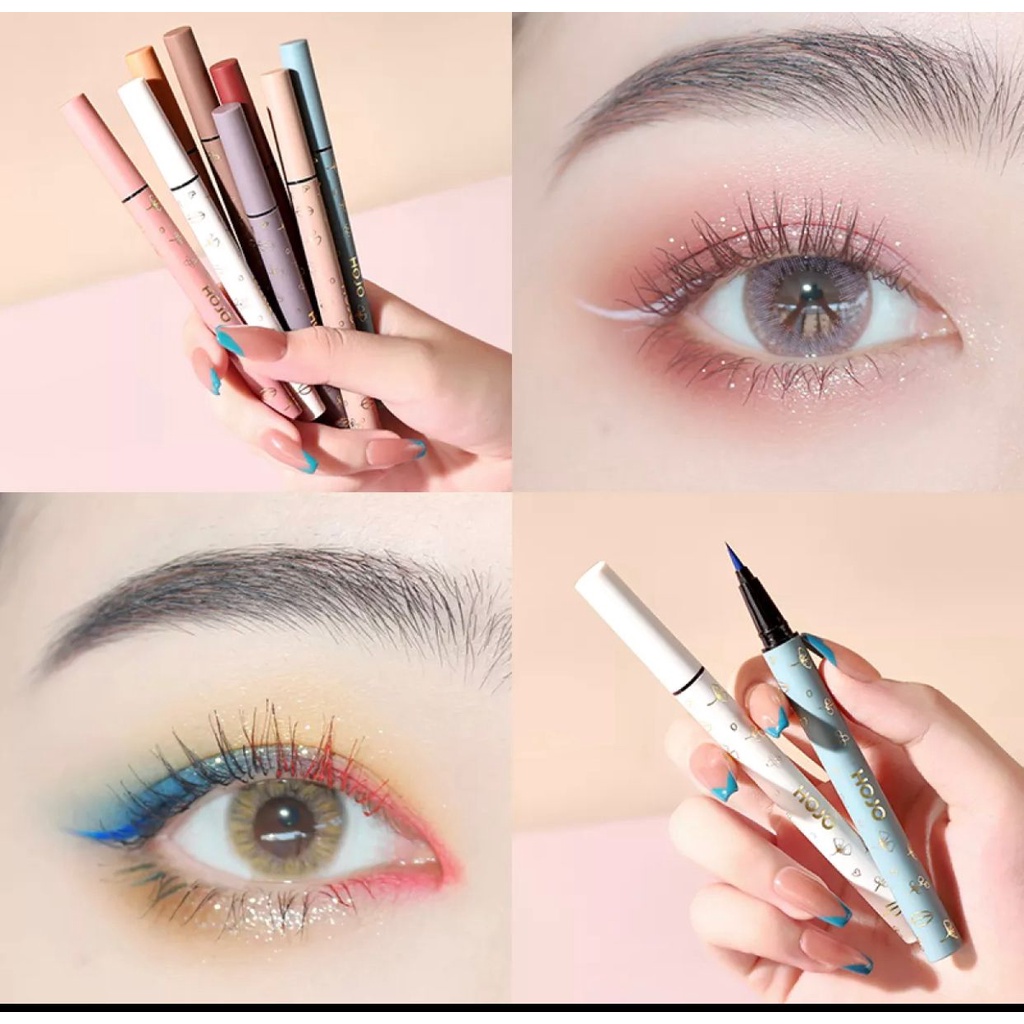 RCS - NEW ~  HOJO silky painting eyeliner warna putih hitam coklat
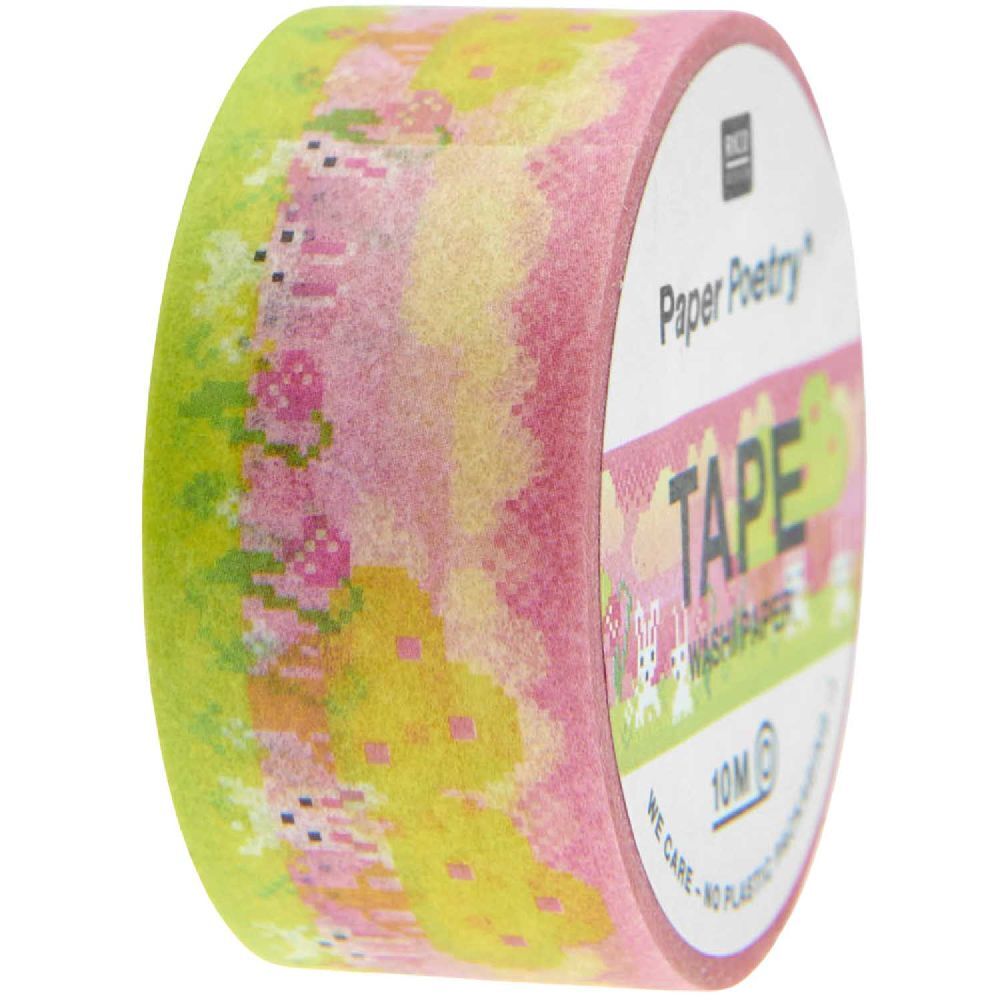 Tape Pixel Landscape rosa FSC MIX 2 cm x 10 m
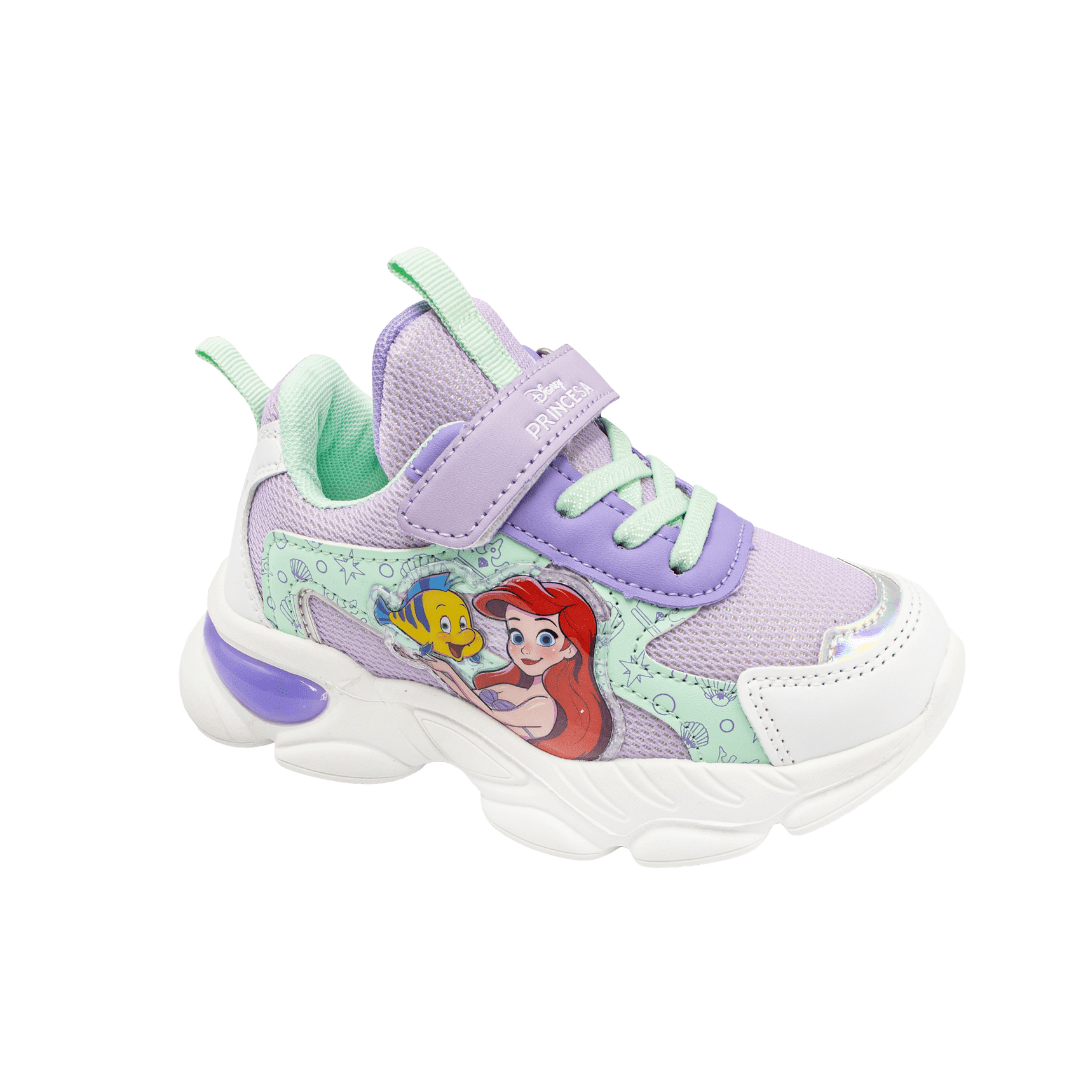 Zapatillas Niña Ariel La Sirenita con luces 0
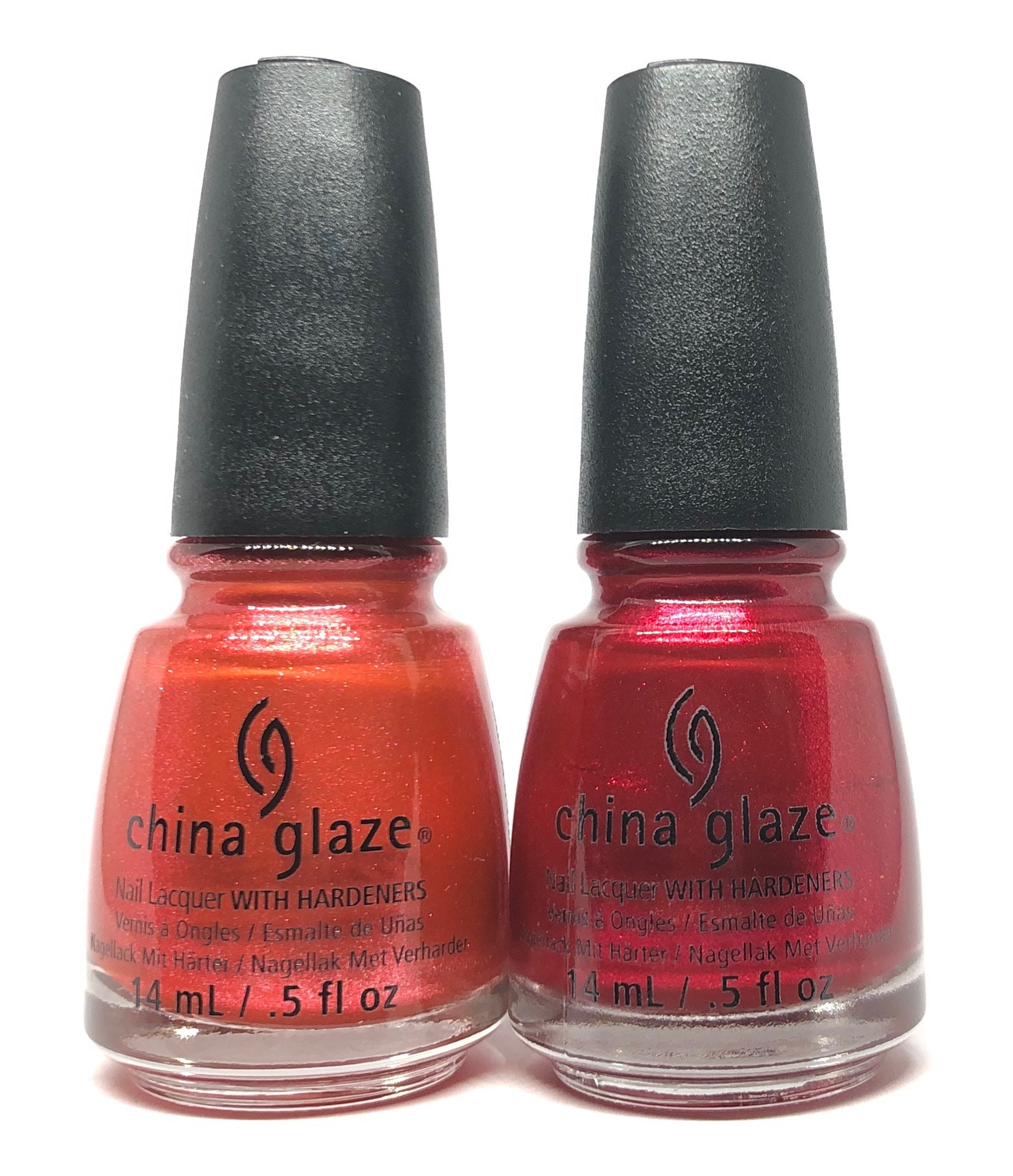 China Glaze Nagellack Mit Härter – Farbe „Elfin Around“, 14 Ml, Mit Irisierendem Effekt, DBP- Und Toluol-frei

**Work required**
Starting with the line that contains "Zapatillas Niña Ariel", copy every line word for word through the end of the listing above, but leave out the pictures.

**Answer space**
 Zapatillas Niña Ariel La Sirenita con luces 0
 China Glaze Nagellack Mit Härter – Farbe „Elfin Around“, 14 Ml, Mit Irisierendem Effekt, DBP- Und Toluol-frei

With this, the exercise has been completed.